A linguagem do espetáculo é Teatro Musical Infantojuvenil, com diálogos curtos, poéticos e repletos de imaginação, elaborados para crianças de 6 a 9 anos. Essa escolha técnica é crucial: a música e o tom cômico atuam como um filtro, permitindo que a reflexão sobre a fragilidade da memória e o valor das lembranças seja acessível e cativante, sem ser traumatizante.
A obra nos convida a uma reflexão existencial: somos feitos de memórias, mas "só quando elas falham é que realmente paramos para lembrar da sua importância". O espetáculo nos lembra que nem sempre podemos escolher o que guardar, mas podemos valorizar cada instante antes que ele derreta. A jornada de Pedro, auxiliado por "amigos encantados", revela uma verdade amadurecida: não se pode guardar tudo, mas é possível viver cada momento com verdade.
A Trupe Dona Formiga, sediada em Santa Bárbara d'Oeste, demonstra um forte compromisso com a transformação social e o acesso à cultura, o que se reflete na qualidade do trabalho de seus jovens atores e do diretor, Felipe Damasi. A peça não é apenas entretenimento; é um convite a redescobrir a beleza do agora.

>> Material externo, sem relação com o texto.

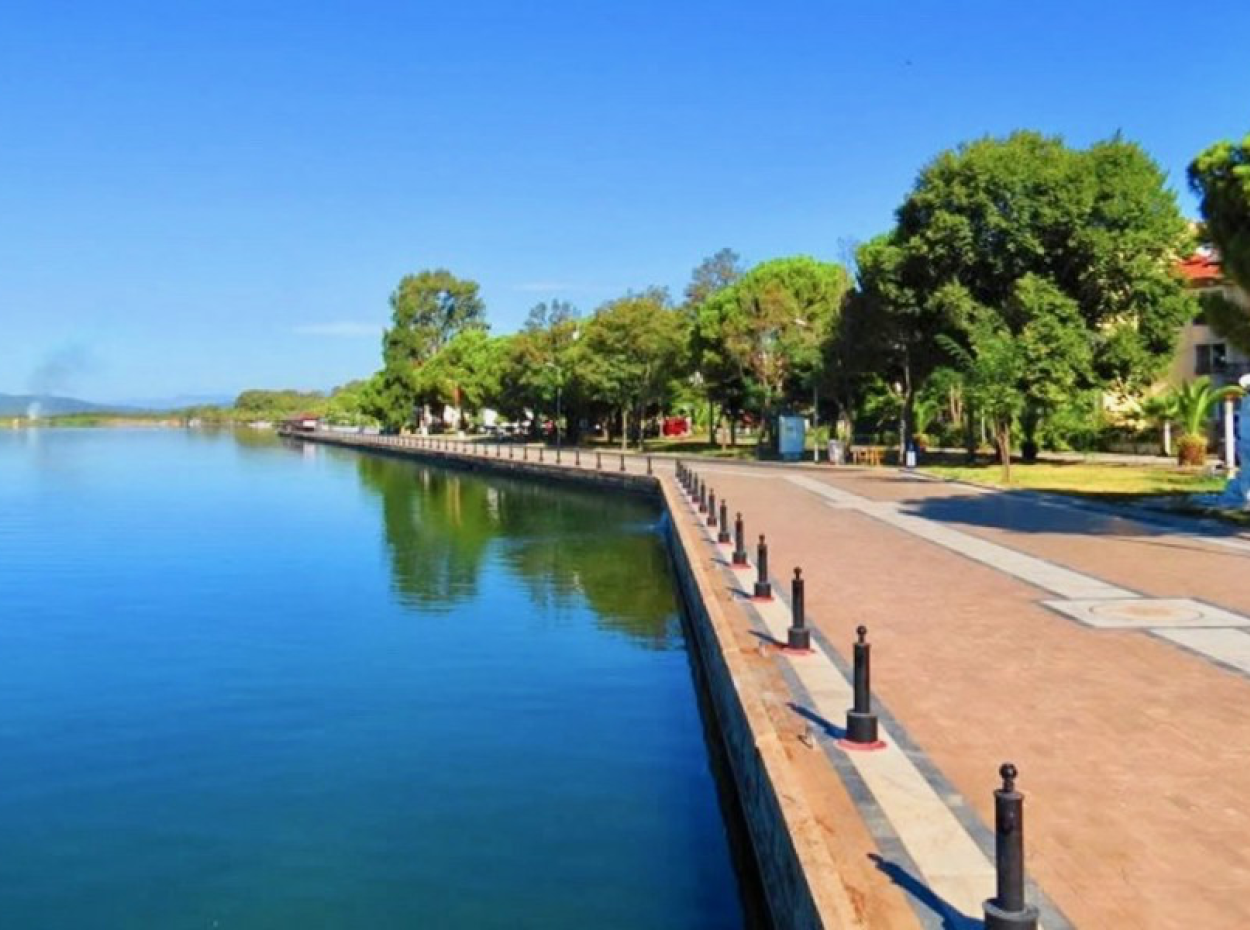 Fotos Von Köyceğiz. Köyceğiz Villa Urlaub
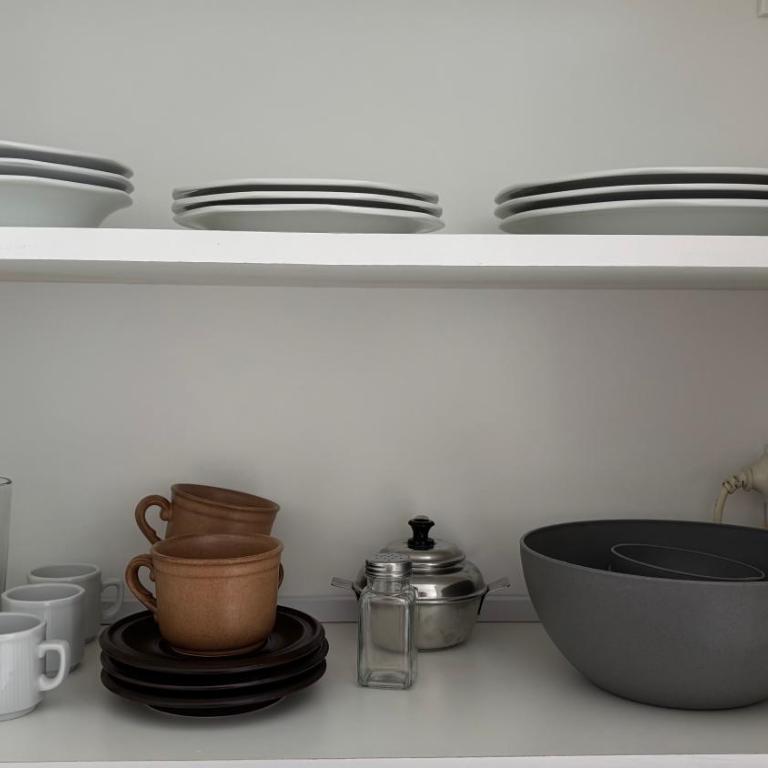 Amplio monoambiente en zona Aldrey - Apartamento de 1 dormitorio - 10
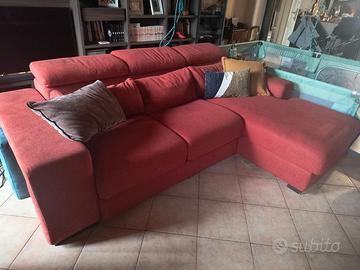 Divano poltronesofa convertibile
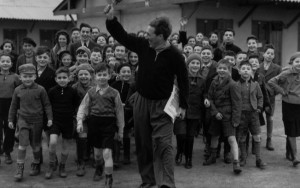 O homem que salvou quase 700 crianças judias dos nazistas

Em "Sabores Esquecidos", o derretimento do sorvete e o apagamento das memórias se tornam metáforas para a urgência da vida. A sorveteria, o lugar da doçura e da leveza, é, ironicamente, o palco de uma das reflexões mais profundas sobre o tempo e a ausência.
Minha admiração à Trupe Dona Formiga por abordar um tema tão delicado com tanta poesia e afeto.